Dataset entries:

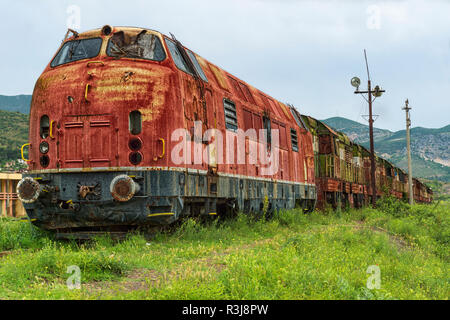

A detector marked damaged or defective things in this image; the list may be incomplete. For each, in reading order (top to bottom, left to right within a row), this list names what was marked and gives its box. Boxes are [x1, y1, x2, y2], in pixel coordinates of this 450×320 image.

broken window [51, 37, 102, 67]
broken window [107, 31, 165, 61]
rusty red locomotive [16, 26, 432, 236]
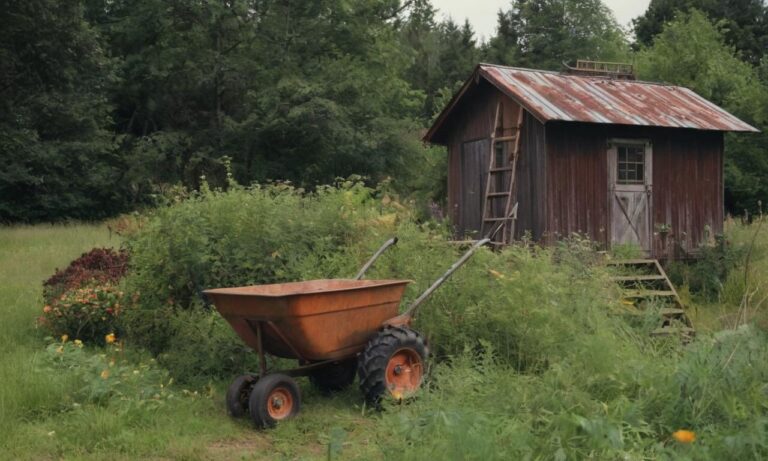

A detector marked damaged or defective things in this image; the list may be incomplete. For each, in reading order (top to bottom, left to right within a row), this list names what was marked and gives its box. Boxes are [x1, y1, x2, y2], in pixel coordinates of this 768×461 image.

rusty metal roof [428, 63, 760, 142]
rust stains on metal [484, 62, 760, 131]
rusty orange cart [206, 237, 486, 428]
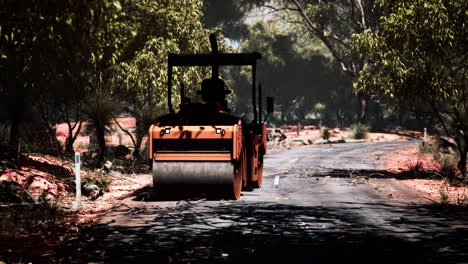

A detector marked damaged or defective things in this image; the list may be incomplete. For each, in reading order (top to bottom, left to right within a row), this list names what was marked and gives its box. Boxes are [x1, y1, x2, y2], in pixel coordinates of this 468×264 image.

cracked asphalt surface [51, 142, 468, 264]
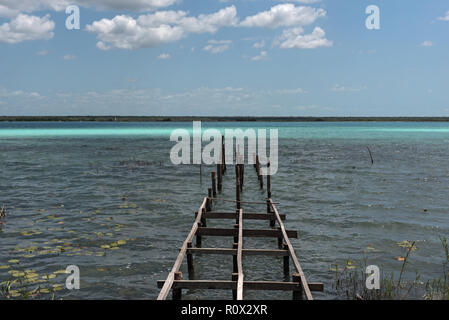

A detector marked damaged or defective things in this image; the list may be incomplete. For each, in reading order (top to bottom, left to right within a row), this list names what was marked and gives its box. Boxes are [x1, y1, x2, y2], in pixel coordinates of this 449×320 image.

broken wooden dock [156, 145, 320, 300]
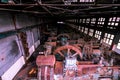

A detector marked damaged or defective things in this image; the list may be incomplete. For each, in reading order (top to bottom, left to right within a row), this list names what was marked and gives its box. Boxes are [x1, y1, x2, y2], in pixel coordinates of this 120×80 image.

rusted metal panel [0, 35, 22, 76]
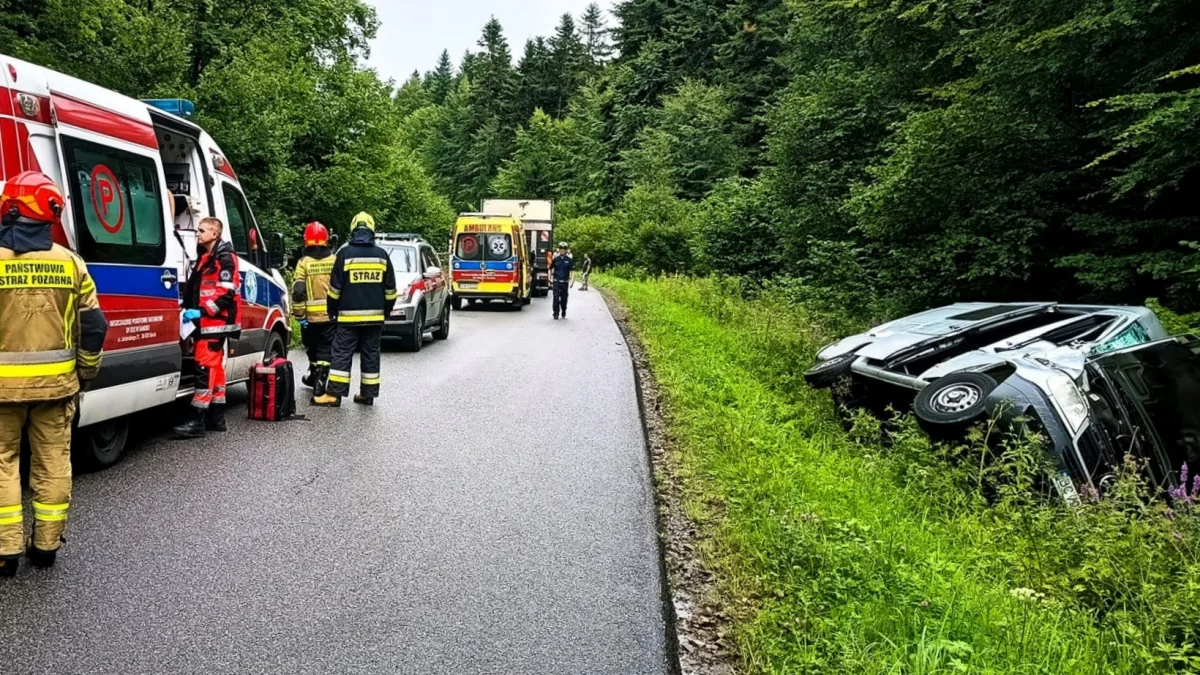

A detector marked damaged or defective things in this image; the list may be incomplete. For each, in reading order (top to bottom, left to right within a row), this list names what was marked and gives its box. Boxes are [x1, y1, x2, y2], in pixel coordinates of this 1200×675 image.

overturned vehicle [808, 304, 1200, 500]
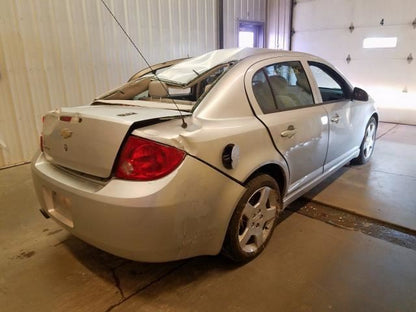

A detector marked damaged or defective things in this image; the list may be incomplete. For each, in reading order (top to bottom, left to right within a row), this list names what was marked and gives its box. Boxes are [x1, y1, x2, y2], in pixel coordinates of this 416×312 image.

* * *

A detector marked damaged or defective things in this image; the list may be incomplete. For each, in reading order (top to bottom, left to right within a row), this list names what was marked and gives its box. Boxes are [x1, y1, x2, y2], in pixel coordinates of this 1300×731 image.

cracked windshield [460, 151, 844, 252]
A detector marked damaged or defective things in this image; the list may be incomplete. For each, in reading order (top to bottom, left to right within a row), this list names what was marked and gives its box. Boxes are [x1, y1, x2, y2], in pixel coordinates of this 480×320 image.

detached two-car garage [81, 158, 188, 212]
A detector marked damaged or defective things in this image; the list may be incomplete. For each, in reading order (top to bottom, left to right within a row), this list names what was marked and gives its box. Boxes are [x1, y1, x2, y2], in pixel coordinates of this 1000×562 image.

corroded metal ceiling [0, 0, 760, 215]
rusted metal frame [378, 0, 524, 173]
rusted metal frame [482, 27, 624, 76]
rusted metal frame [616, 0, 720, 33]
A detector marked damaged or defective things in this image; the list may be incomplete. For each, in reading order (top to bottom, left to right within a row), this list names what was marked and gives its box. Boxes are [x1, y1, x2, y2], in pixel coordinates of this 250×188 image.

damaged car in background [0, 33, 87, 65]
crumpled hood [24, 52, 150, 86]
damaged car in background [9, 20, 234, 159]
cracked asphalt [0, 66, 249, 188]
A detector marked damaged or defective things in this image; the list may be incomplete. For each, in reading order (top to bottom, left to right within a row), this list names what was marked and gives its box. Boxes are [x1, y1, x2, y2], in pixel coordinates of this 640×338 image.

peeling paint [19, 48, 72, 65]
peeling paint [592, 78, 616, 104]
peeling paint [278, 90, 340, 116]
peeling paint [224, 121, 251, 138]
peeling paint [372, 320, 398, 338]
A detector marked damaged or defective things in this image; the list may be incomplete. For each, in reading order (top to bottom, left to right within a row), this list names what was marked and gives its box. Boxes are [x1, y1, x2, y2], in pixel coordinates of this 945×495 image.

* * *

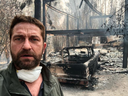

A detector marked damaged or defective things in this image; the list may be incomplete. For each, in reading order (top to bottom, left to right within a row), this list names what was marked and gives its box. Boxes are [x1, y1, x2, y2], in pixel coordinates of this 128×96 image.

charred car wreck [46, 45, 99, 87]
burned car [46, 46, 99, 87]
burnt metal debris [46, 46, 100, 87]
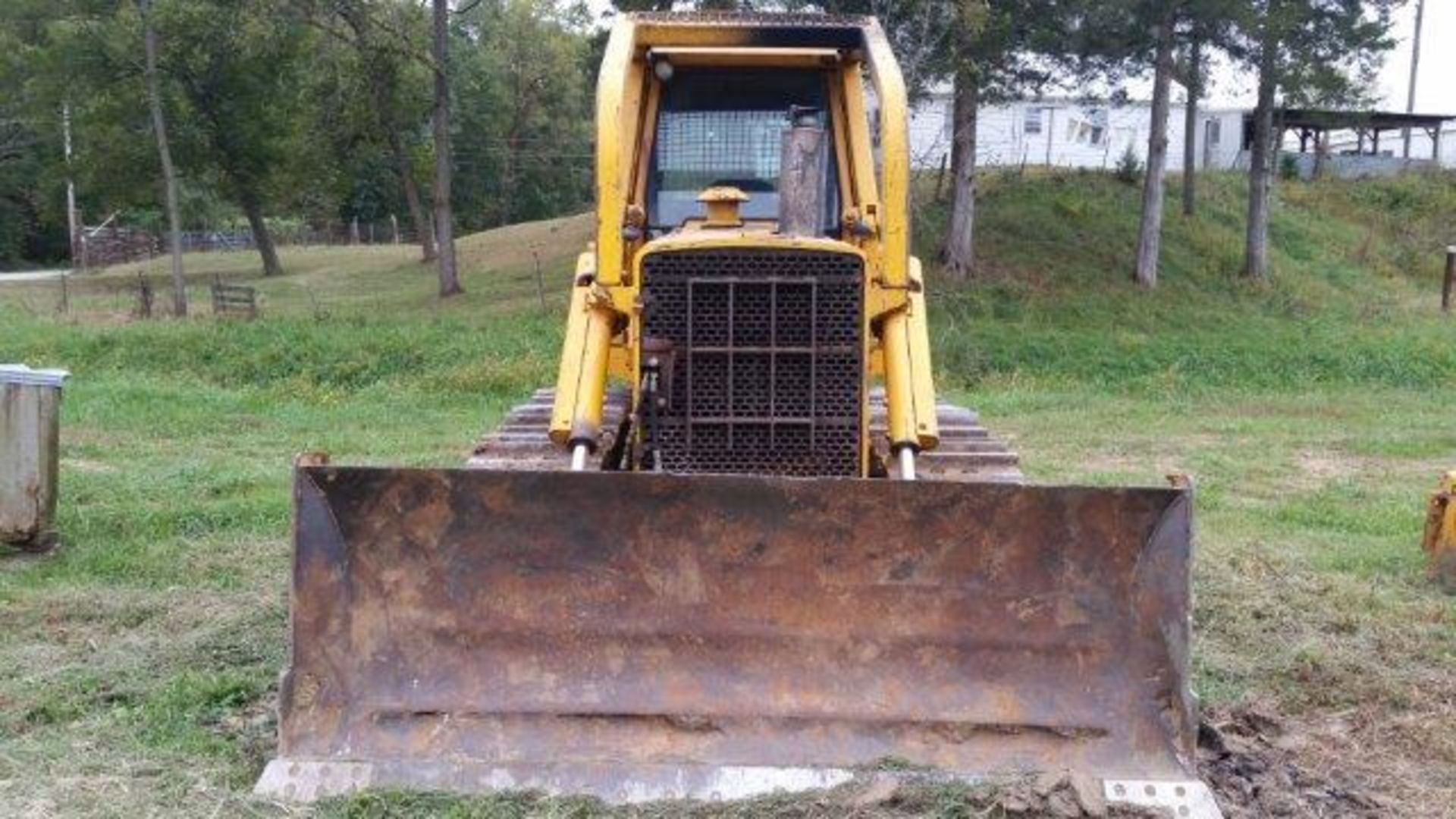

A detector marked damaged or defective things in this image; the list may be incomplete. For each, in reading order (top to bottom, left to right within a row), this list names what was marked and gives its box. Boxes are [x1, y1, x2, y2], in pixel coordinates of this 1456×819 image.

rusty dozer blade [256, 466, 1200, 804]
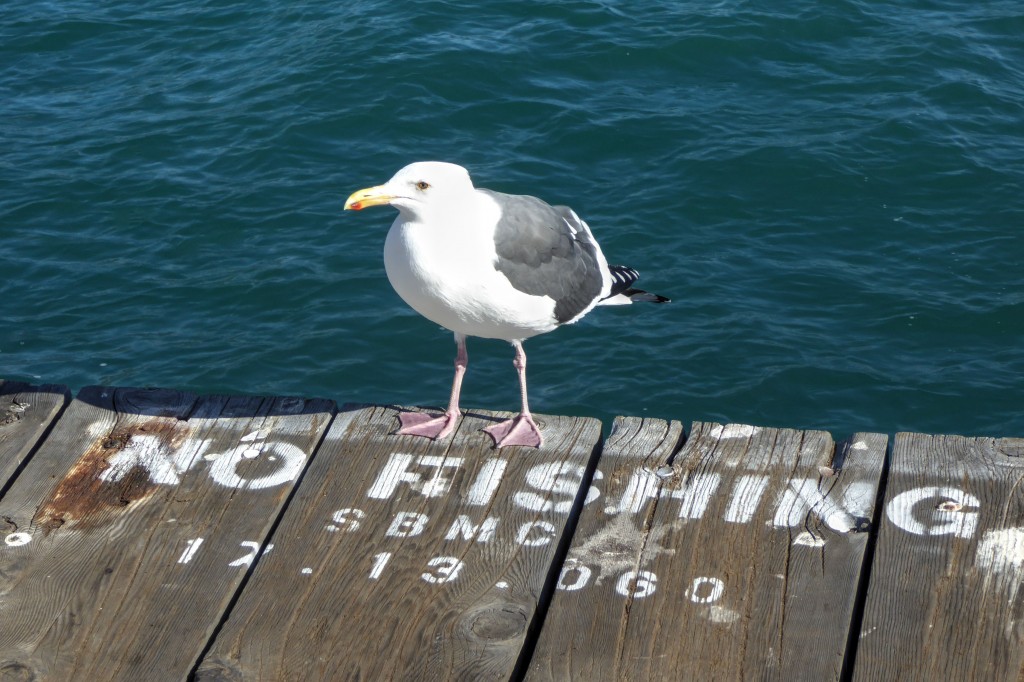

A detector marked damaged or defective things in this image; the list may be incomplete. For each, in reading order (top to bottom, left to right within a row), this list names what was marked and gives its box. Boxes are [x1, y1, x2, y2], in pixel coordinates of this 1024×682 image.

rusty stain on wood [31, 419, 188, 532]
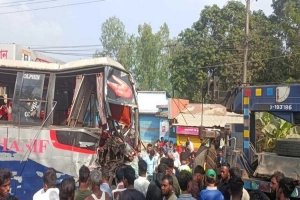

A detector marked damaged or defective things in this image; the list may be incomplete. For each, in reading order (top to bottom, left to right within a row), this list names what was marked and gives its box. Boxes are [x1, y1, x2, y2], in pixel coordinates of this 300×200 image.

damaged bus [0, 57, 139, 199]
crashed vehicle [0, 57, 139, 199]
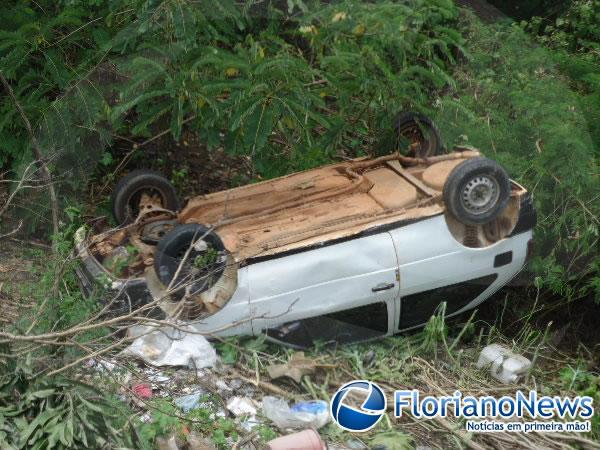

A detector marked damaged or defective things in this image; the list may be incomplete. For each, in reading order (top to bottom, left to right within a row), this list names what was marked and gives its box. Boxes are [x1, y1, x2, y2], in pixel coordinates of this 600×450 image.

* PROBLEM DETAILS:
Would you please repeat only the lines above, beginning at the one that has "this 449×320 image." and stopping after the one that has "this 416×312 image.", exactly and with no pictures?

* FINISHED TASK:
A detector marked damaged or defective things in this image; the list may be incomplete. For each, in reading order (top to bottom, left to right within a row), this list names what was marked and gives its box. Boxes are [x1, y1, x2, y2], in pixel coordinates of this 449×320 image.

broken wooden dock [156, 145, 320, 300]

A detector marked damaged or defective things in this image; the list may be incomplete. For each, in reading order (top to bottom, left to right within a row), this list names what was marked and gives its box. Boxes are [x1, y1, x2, y2], in pixel coordinates of this 120×80 image.

rusted metal panel [0, 35, 22, 76]

A detector marked damaged or defective things in this image; the list may be incomplete. For each, in reading order (top to bottom, left to right within a row), this list names what was marked and gives its box. Boxes are [x1, y1, x2, y2], in pixel coordinates of this 1200×675 image.

overturned vehicle [808, 304, 1200, 500]

A detector marked damaged or defective things in this image; the list may be incomplete. For each, in reading order (top to bottom, left to right within a row), this list names what was marked and gives its box. Boxes are [x1, y1, x2, y2], in pixel coordinates of this 416×312 image.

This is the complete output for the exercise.